• EXERCISE DESCRIPTION:
Go to the line with "Địt cu vào mồm" in the entries below and write out every line from there through the line with "adidas Boys' 2-Piece Set Size 5", exactly and without pictures.

• RECORDS SHOWN:
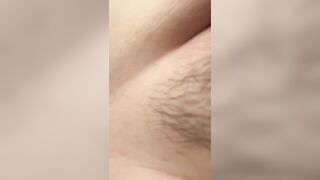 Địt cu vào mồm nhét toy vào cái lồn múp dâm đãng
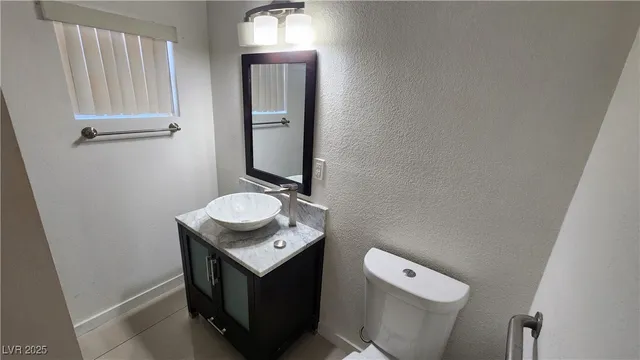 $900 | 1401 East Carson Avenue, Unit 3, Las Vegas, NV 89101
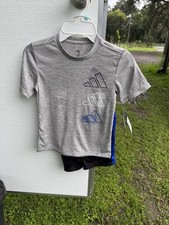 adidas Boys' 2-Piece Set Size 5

* * *

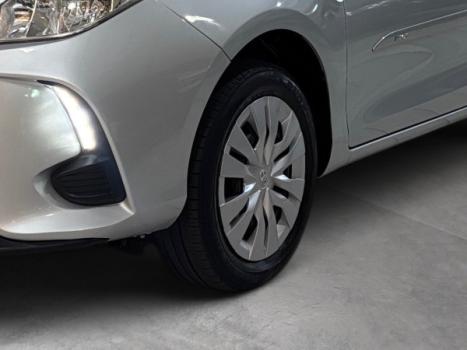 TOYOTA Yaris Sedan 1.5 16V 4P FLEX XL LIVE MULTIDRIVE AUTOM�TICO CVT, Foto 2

--

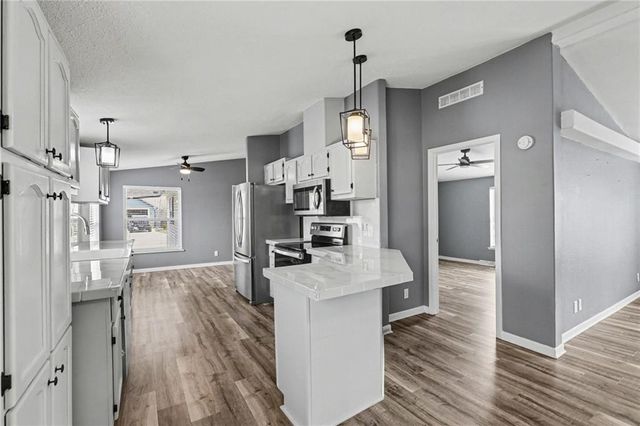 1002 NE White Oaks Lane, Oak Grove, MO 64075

• RESULT FOR THIS TASK:
 Địt cu vào mồm nhét toy vào cái lồn múp dâm đãng
 $900 | 1401 East Carson Avenue, Unit 3, Las Vegas, NV 89101
 adidas Boys' 2-Piece Set Size 5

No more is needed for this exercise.